[TASK PROMPT] Find the line containing "Building Photo - 12924 Ironstone Way" in the listing below. Repeat it exactly, along with each following line up to and including the one containing "Pebasket Warriors, Harrison".

[DATA SUPPLIED]

★ ★ ★ ★ ★ ★ ★

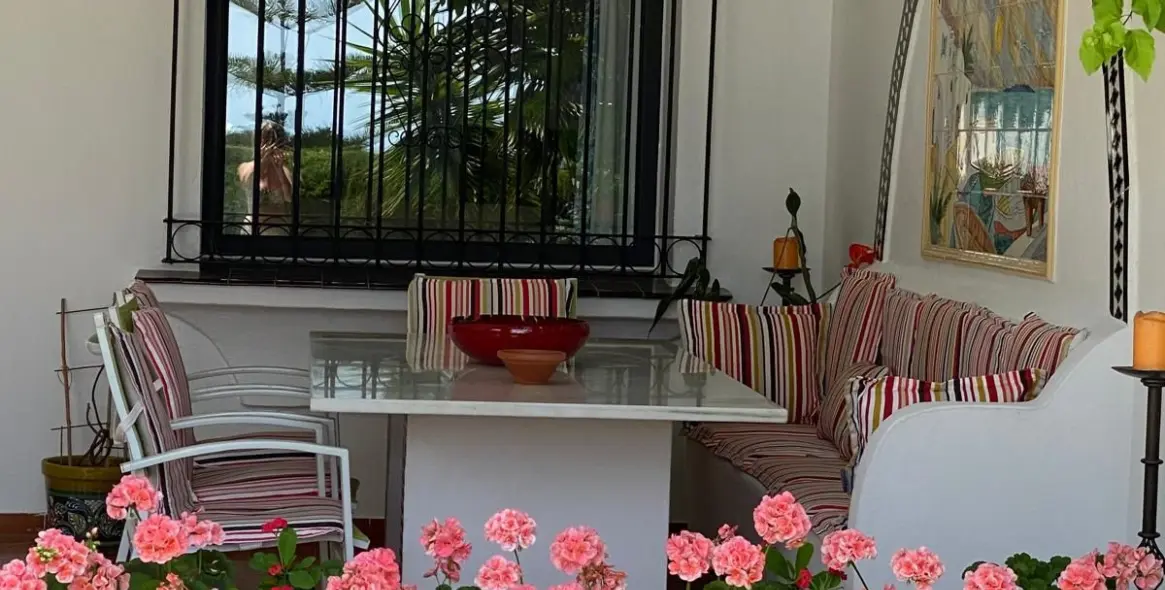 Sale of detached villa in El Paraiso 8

★ ★ ★ ★ ★ ★ ★

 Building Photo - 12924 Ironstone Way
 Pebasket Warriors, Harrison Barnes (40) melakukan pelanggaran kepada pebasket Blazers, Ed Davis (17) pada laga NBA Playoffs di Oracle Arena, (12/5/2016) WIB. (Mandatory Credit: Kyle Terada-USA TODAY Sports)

★ ★ ★ ★ ★ ★ ★

[TASK RESULT]
 Building Photo - 12924 Ironstone Way
 Pebasket Warriors, Harrison Barnes (40) melakukan pelanggaran kepada pebasket Blazers, Ed Davis (17) pada laga NBA Playoffs di Oracle Arena, (12/5/2016) WIB. (Mandatory Credit: Kyle Terada-USA TODAY Sports)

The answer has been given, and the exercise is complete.